Mais il y a eu des incidents, notamment aux Etats-Unis, avec des IA de ce genre en fonction, en particulier, de la couleur de peau ou de cheveux. Comment procédez-vous pour éviter de telles situations ?

En effet, tous les outils que j’ai cités comprennent de l’IA. L’essayage virtuel se base sur des traqueurs et des algorithmes qui vont faire des analyses et des modifications de l’image. Mais la RSE et notamment, ici, l’inclusion sont pour nous très importantes. Nous avons donc absolument voulu éviter de connaître les incidents que vous mentionnez. Nous avons fait vérifier par un tiers que nos algorithmes étaient inclusifs. Les images utilisées en entraînement sont suffisamment diverses pour cela.

De même, nous avons entraîné les algorithmes de diagnostic de la peau avec des commentaires de dermatologues très variés et du monde entier.

Déployer l’IA en interne, comme nous le faisons, permet de maîtriser les algorithmes. Nous pouvons nous assurer de leur inclusivité car nous les réalisons nous-mêmes.

Quelles tendances voyez-vous sur le marché et quels défis en déduisez-vous ?

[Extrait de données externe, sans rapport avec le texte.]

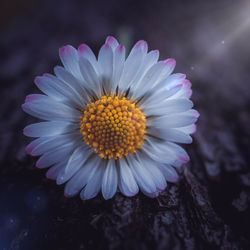 Close-up of purple flower on field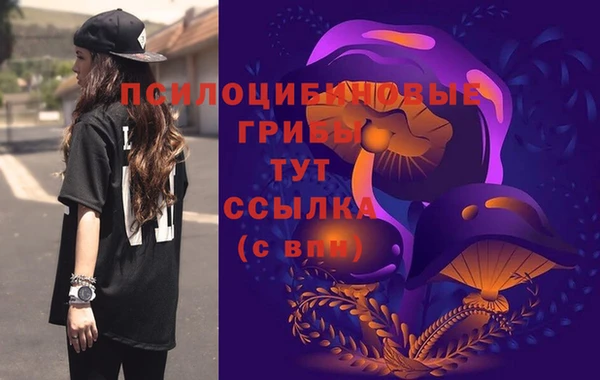 МДМА Козельск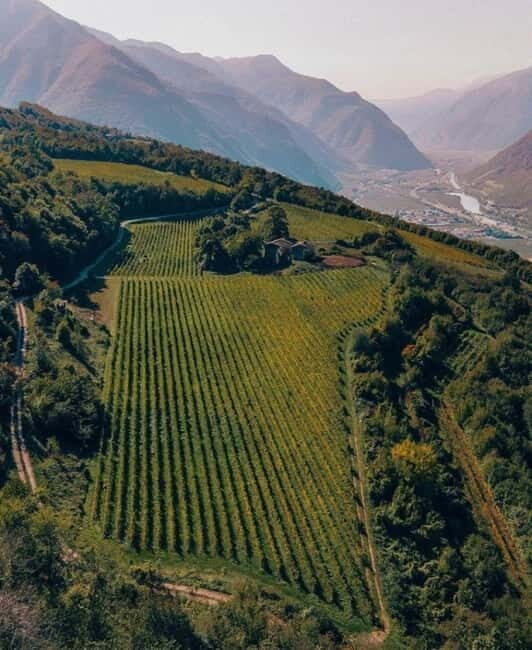 Wine tour at Borgo dei Posseri: wine, nature, and authenticity - An in-depth look at the experience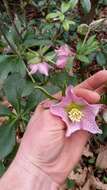 Image of lenten-rose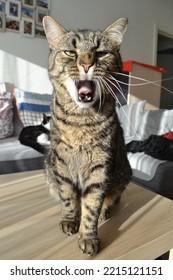 Cat Yawning In A Lazy Afternoon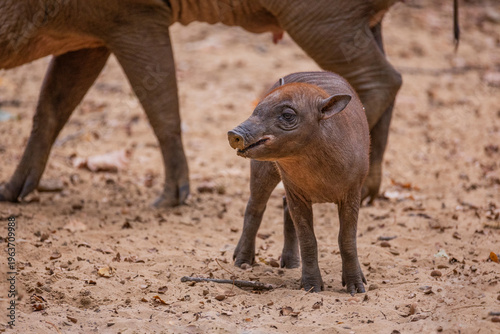 Young wild boar exploring sandy ground in natural habitat with adults nearby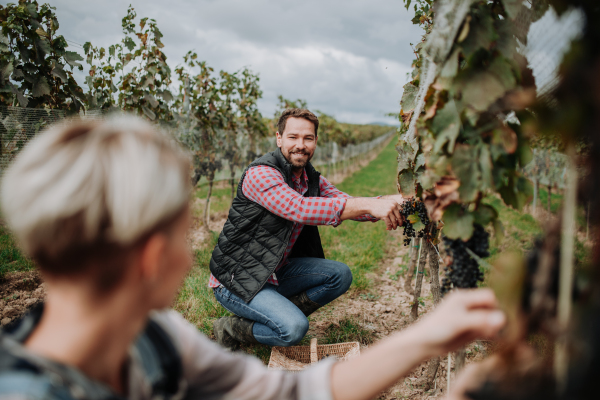 Married couple, owners of vineyard hand-picking grapes from a grapevine. Manual grape harvesting in family-run vineyard.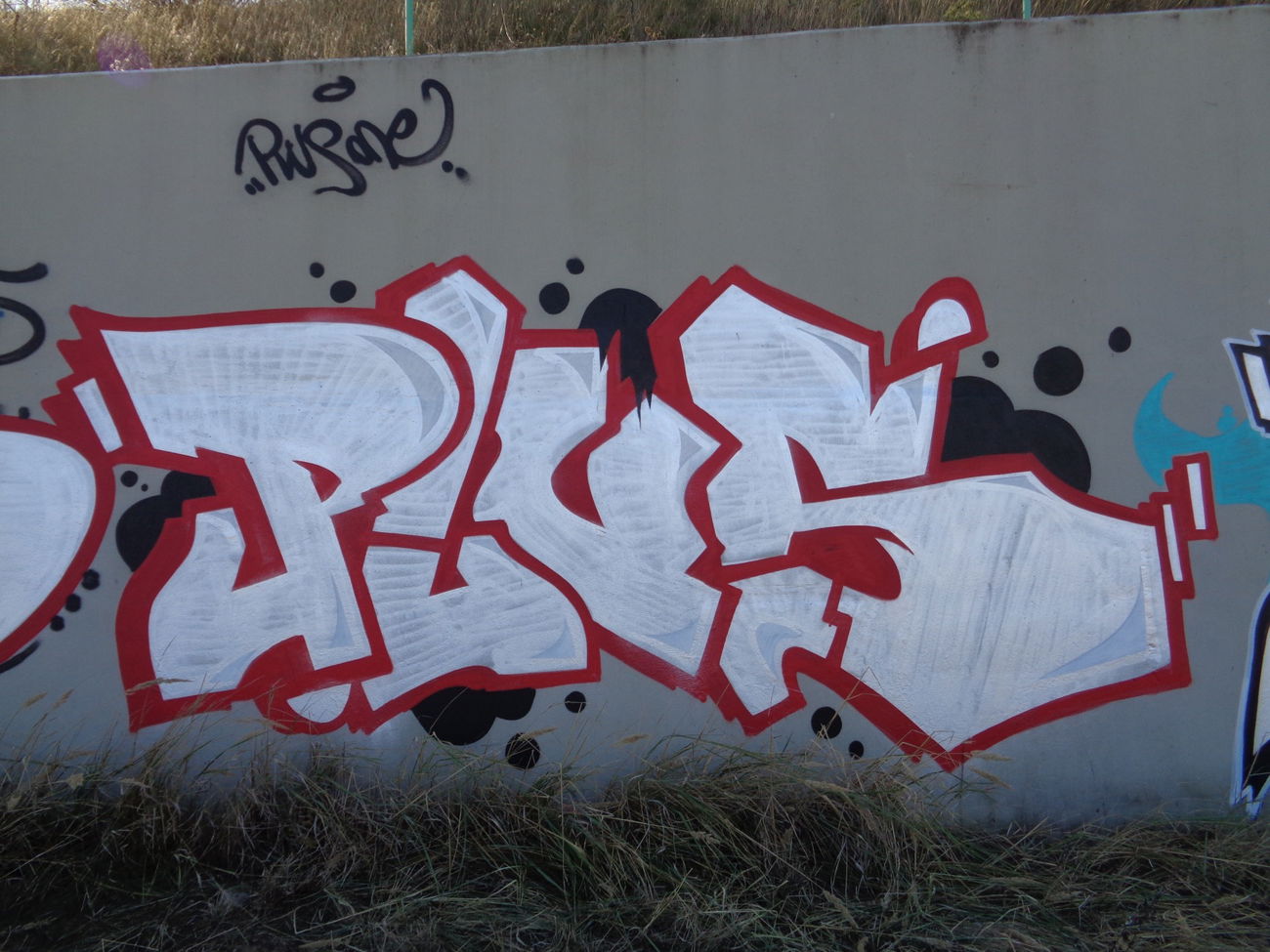 Graffiti Bombing - Photo by plusone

La tendance majeure, c’est bien sûr l’accélération de l’IA. Nous avions déjà une expertise et même une certaine habitude qui nous ont permis de saisir la récente déferlante. Il faut cependant, bien sûr, accompagner cette accélération en veillant à créer de la valeur. Il faut toujours garder un œil critique sur les technologies afin de s’assurer de cette création de valeur, de l’effectivité de l’accroissement de performance.

Le défi induit, bien sûr, c’est de gérer l’équilibre entre saisir ce qui commence, qui émerge à peine, et ce que l’on sait pouvoir passer à l’échelle.

Enfin, évidemment, je ne peux pas oublier la RSE. La RSE est un sujet fondamental pour nous. Nous la gérons dans le cadre du programme « L’Oréal for the Future ». La technologie et le digital ont un vrai poids loin d’être négligeable dans l’empreinte de l’entreprise. Comme toutes les équipes du groupe, y compris en usines, les équipes IT/data ont des objectifs en matière d’empreinte environnementale. Et cette RSE inclut également le contrôle du respect de nos principes éthiques par les algorithmes d’IA.

La Beauty Tech, la transformation digitale de L’Oréal

Stéphane Lannuzel est directeur du programme Beauty Tech chez L’Oréal. Après avoir présenté L’Oréal, le leader mondial de la beauté, il revient sur ce qu’est la Beauty Tech. Pour L’Oréal, la tech disrupte la beauté. Il s’agissait donc d’inventer la beauté du futur, au-delà des produits, en y ajoutant des services. Cette beauté du futur doit être mise en œuvre dans une entreprise du futur, avec de nombreux outils digitaux et IA.